The implied message in Clow's prospective employer "outing" her for daring to wear a bathing suit online, was that it somehow indicated a moral flaw, and was therefore worthy of public crucifixion.
Every woman has a catalogue of stories like Clow's. Unwanted sexual attention is sewn so deeply into our psyche, most of us have resigned to accepting it as a kind of constant white noise.
Evidently, we have a hard time separating a woman's physical appearance from more abstract qualities, like her moral character and intellect.
In a new study published in PLOS One, researchers presented participants with photos of women in different outfits, ranging from conservative to revealing. Respondents were then asked to rank each woman's openness to casual sex, along with her perceived morality and mental capabilities, based off the images.
Strikingly, both male and female respondents judged women who were dressed in low-cut tops or fitted clothing as being more open to casual sex, and saw them as being less ethical and mentally capable. But perhaps most startlingly, participants expressed less discomfort with scenarios involving sexual harassment if the women were dressed this way.
The subtext here, much like the one I got at age 21, is that the onus is on women to stave off male attention.

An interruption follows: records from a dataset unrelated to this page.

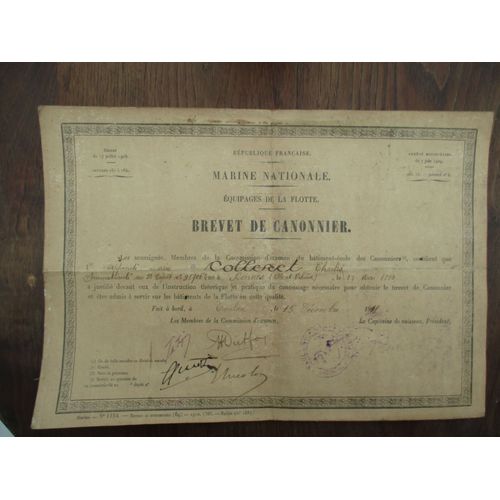 Brevet De Canonnier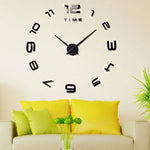 Horloge murale silencieuse moderne sans cadre avec grands chiffres, autocollant mural miroir 3D DIY pour chambre ou bureau, taille : 100*100cm, 3M007 (Noir), 3M007 (Argent)
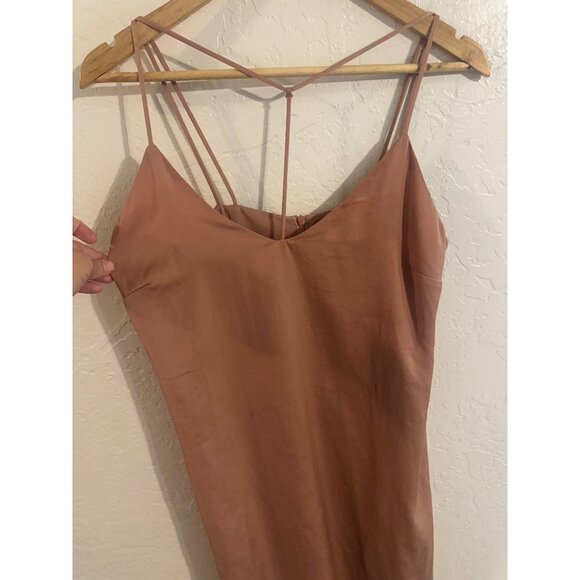 NWT Leith Champagne Bronze T strap V neck Silky Mini Cocktail Dress - Picture 4 of 11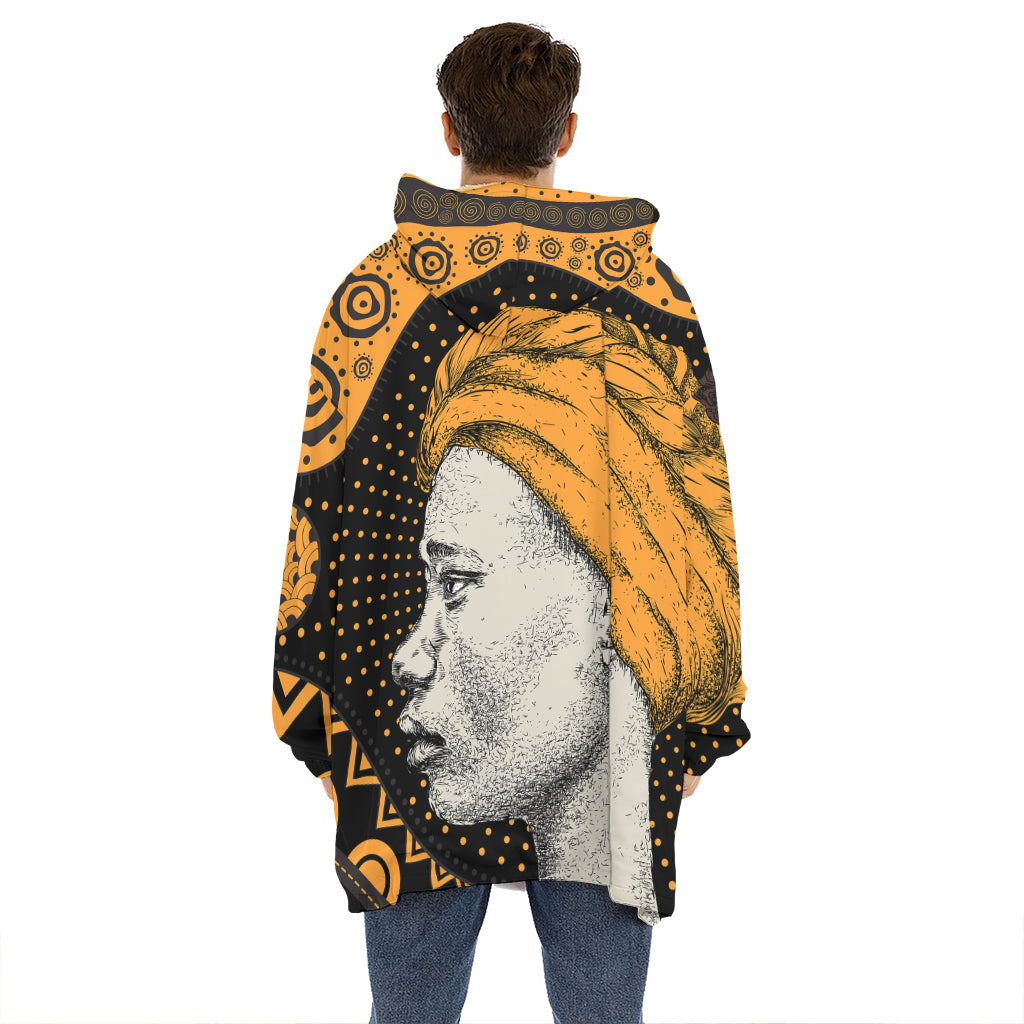 Tribal African Girl Print Hoodie Blanket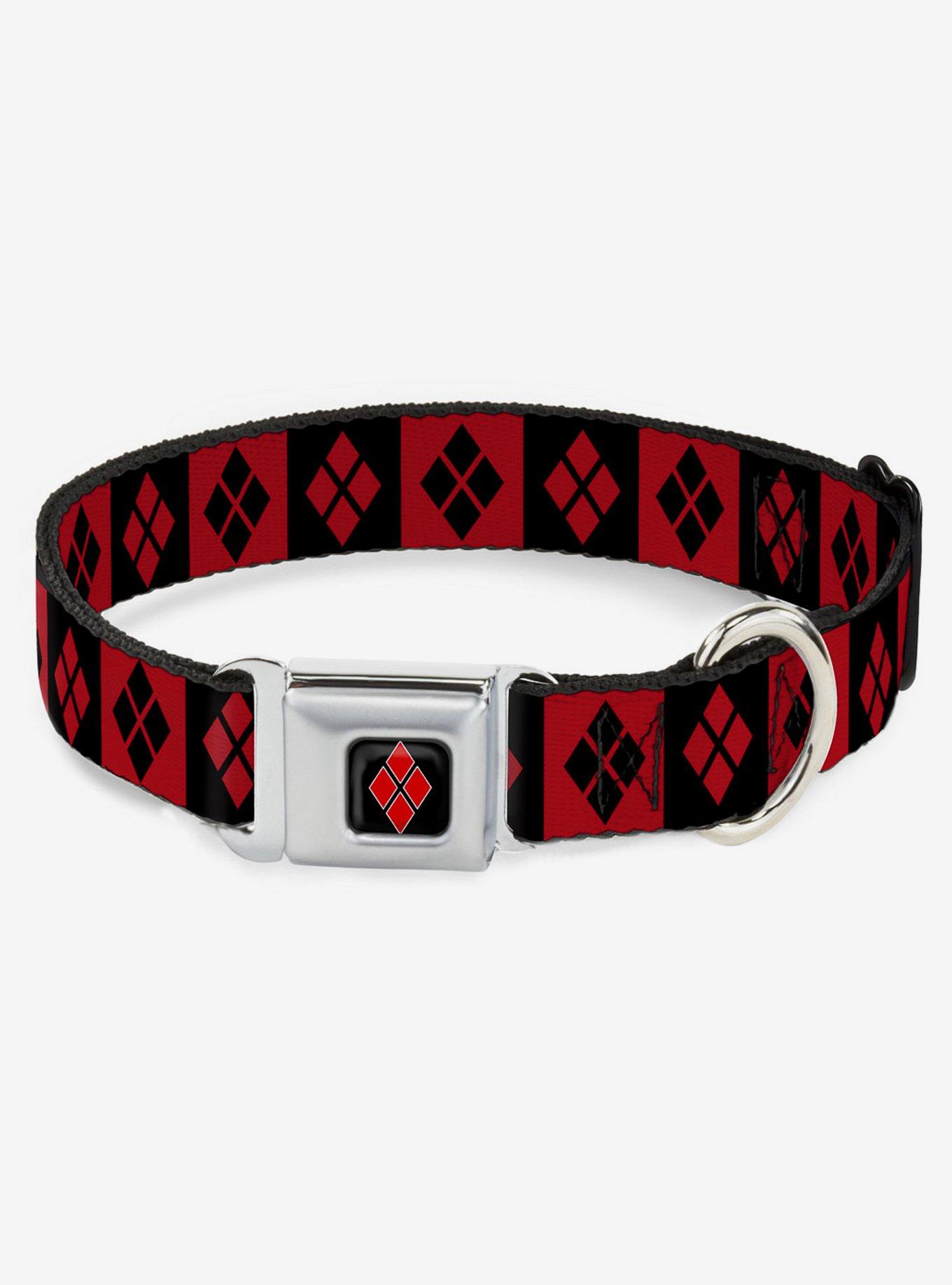 DC Comics Harley Quinn Diamond Blocks Seatbelt Buckle Dog Collar, BLACK, hi-res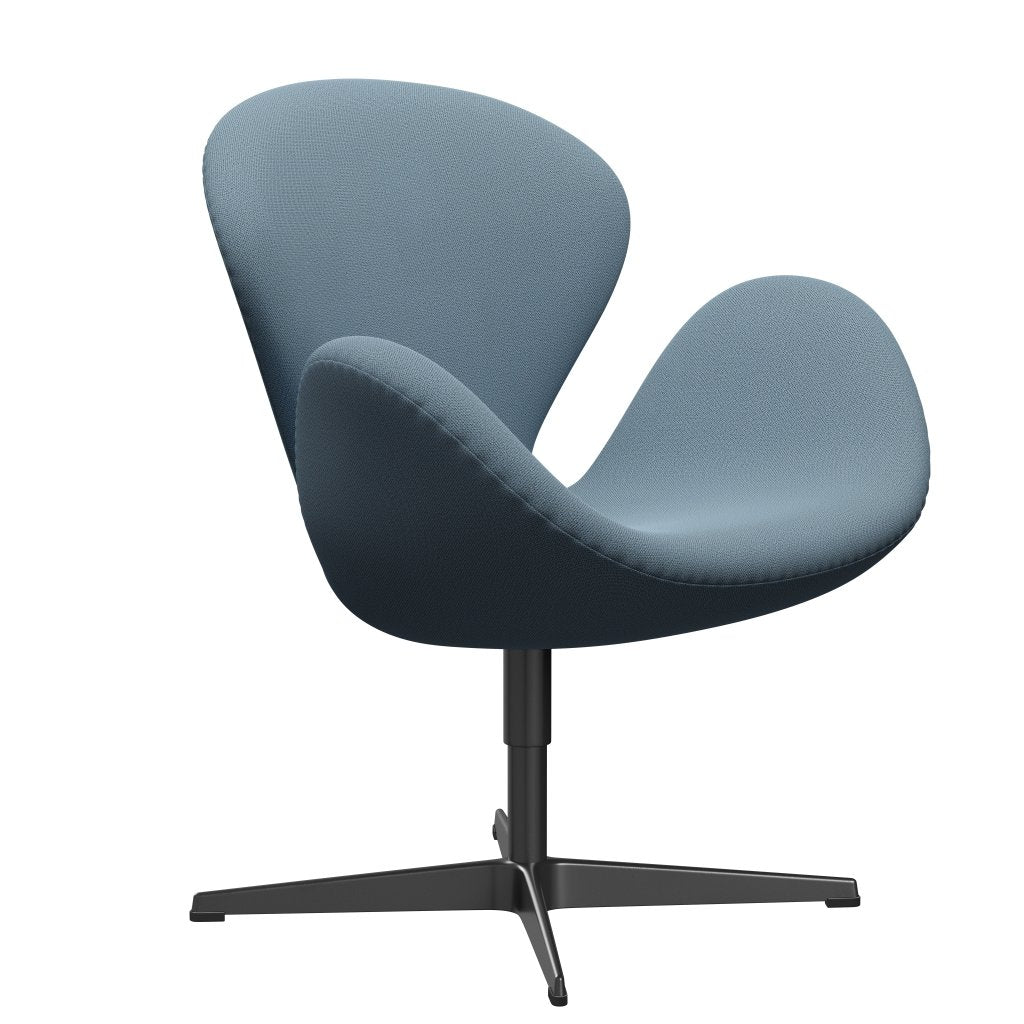 Fritz Hansen Swan Lounge Stuhl, schwarzer lackiert/fangen weichblau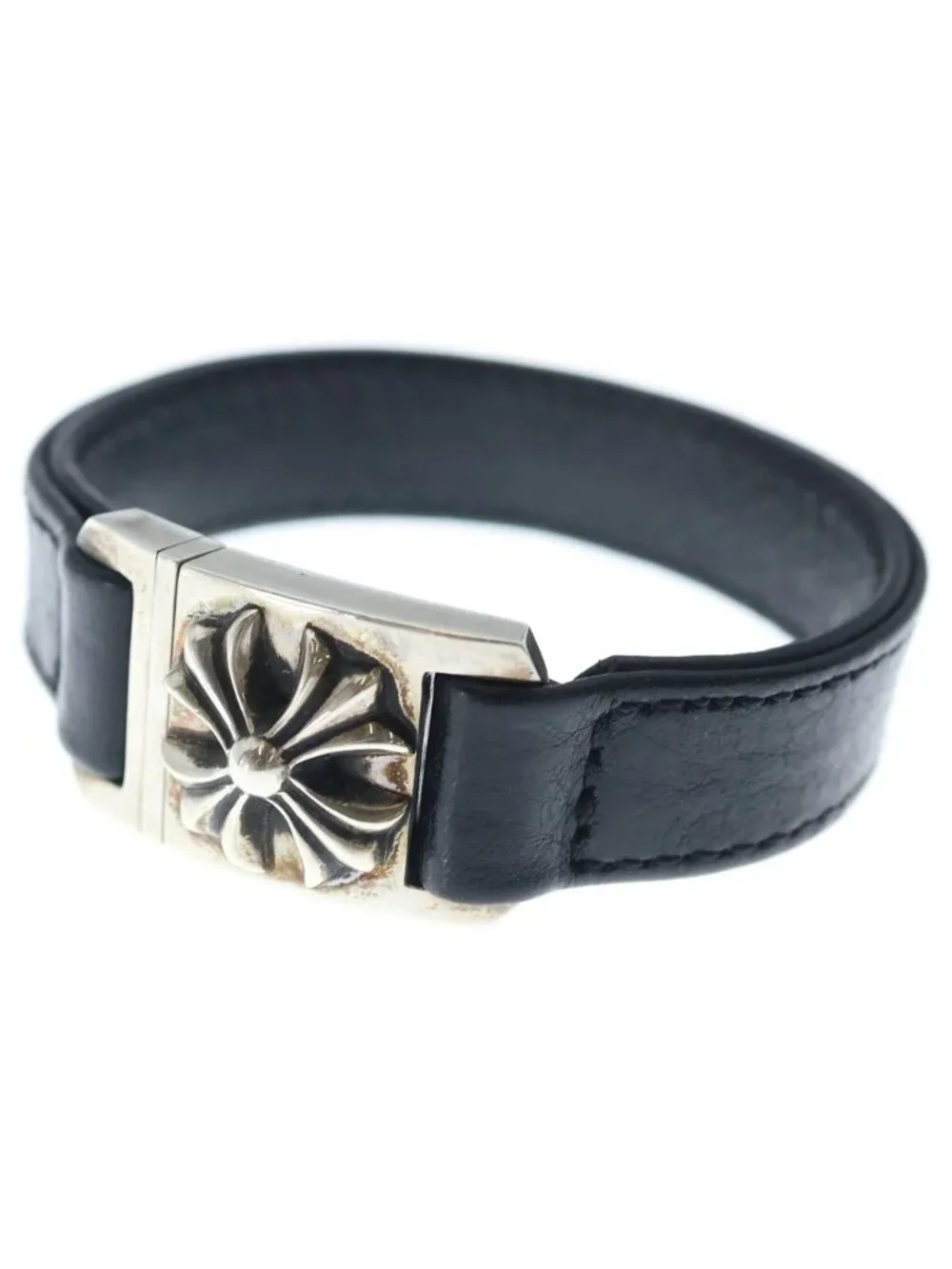 Chrome Hearts Harness Cross Box Leather Bracelet Silver Black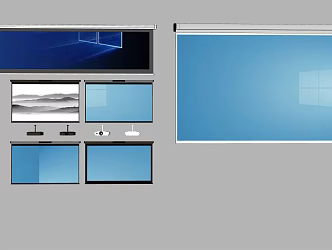 Modern projection curtain 3d model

As someone who enjoys wearing sexy clothing and posts the odd lingerie shot to Instagram, I'm often informed I should expect to be sexualised. That, if I've got a problem with not being taken seriously as a writer, perhaps I should cover-up. It's almost inconceivable I could wear whatever I want, and still garner respect. You know, like men do.
The fact I have multiple university degrees, manage a team, and run my own successful company all seemingly count for nothing if my bra's visible on Instagram.
This ideology doesn't just undermine and dehumanise women. It assumes men are essentially primitive, insatiable animals, at the constant mercy of their baser impulses. And perhaps most problematically, it implies there's a way for women to present ourselves, in which we can be safe from objectification and sexual harassment.
The reality is, if there were an outfit guaranteed to do this, it'd be sold out faster than a Special Buys sale at ALDI.
Regardless of what I wear, barely a day goes by when someone doesn't leave a comment on one of my posts, calling me desperate for male validation. Because, after all, why else would a woman show off her body, or put effort into her appearance? If pop culture has taught us anything, it's that women exist to appeal to men.
The female love object is as ubiquitous in Hollywood as is her two-dimensional character. Her emotional nuances, ambitions, and sexuality are largely brushed from the plot in favour of advancing her role as the impetus for some guy's boner.
So-called "romantic" films glorify harassing and objectifying her. In The Notebook, the only way Ryan Gosling's character, Noah, is able to get his love interest's — played by Rachel McAdams — attention, is by lying in the middle of the road and threatening to kill himself unless she accepts a date with him.
Even in the iconic rom-com, Love Actually, Mark's placards to Juliet, played by Keira Knightley, are depicted as the epitome of unrequited love. This is despite the fact he creepily takes footage of her with his lens zoomed into her every move on her wedding day.
There's a danger to this kind of objectification, and the way it reduces women to trophies to be gleaned, as opposed to sentient beings possessing autonomy.
It allows us to look the other way when women are slut-shamed, harassed and assaulted. It gives us permission to put the burden back onto the woman when she receives unsolicited sexual attention. To tell ourselves, she must have secretly wanted it. And it encourages us to frame men as helpless creeps unable to control their own behaviour.
I handed in my resignation two days after that meeting with my boss.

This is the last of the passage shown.